Oakwood residents face off over controversial modern house
Posted August 25, 2014 2:38 p.m. EDT
Updated August 26, 2014 4:35 p.m. EDT
Raleigh, N.C. — The fight over a home under construction in Raleigh's historic Oakwood neighborhood went to court Monday, where a judge heard arguments on whether construction should be halted altogether or allowed to continue.
Marsha Gordon and Louis Cherry were granted necessary permits to build the contemporary house at 516 Euclid St., including a certificate of appropriateness from the Raleigh Historic Development Commission.
Construction on the house irked neighbors, who argued that the house didn't fit with the character of Oakwood, and they filed a complaint over it. That led the city's Board of Adjustment to reverse the certificate, which suspended construction on the home.
City officials, along with Gordon and Cherry, in March appealed the Board of Adjustment decision to Superior Court.
Nick Fountain, an attorney for the couple, argued Monday that the Board of Adjustment isn't supposed to dictate design but that board members "bungled" the case because they aren't used to handling administrative appeals.
Fountain also maintained that Oakwood isn't a restaurant with a menu of acceptable architectural choices.
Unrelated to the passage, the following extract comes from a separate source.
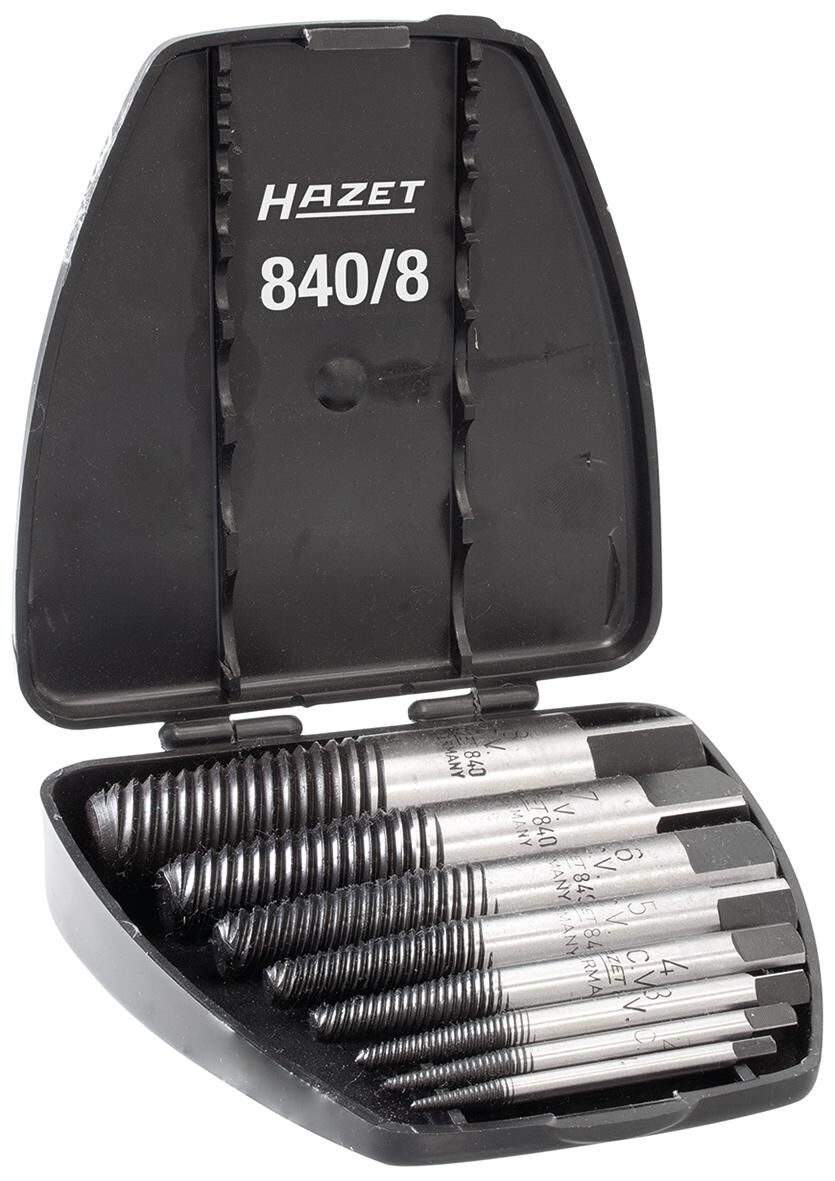 Hazet tapeinduitdraaier screwdriver set 8 pcs. 840 8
Various homes in the neighborhood were built in the 1930s, 1950s and 1980s in styles to match their eras, he said.
"Oakwood is a collage," he said. "It isn't frozen in time the way (Colonial) Williamsburg is."
But Andy Pettesch, an attorney for Gail Wiesner, who lives across the street from the home, said the home would devalue Wiesner's property. Also, he said, she finds the home's architecture jarring and would have to face it every day.
"Her viewing vista is going to be dominated by this incongruous two-story home," Pettesch said.
The Raleigh Historic Development Commission’s building guidelines for historic areas allow new construction if plans reflect an “understanding of and a compatibility with the distinctive character of the district setting and buildings.” The guidelines also say new construction in historic neighborhoods can enhance the district.
Superior Court Judge Elaine Bushfan halted arguments after more than two hours, and lawyers plan to return Tuesday to resume the case.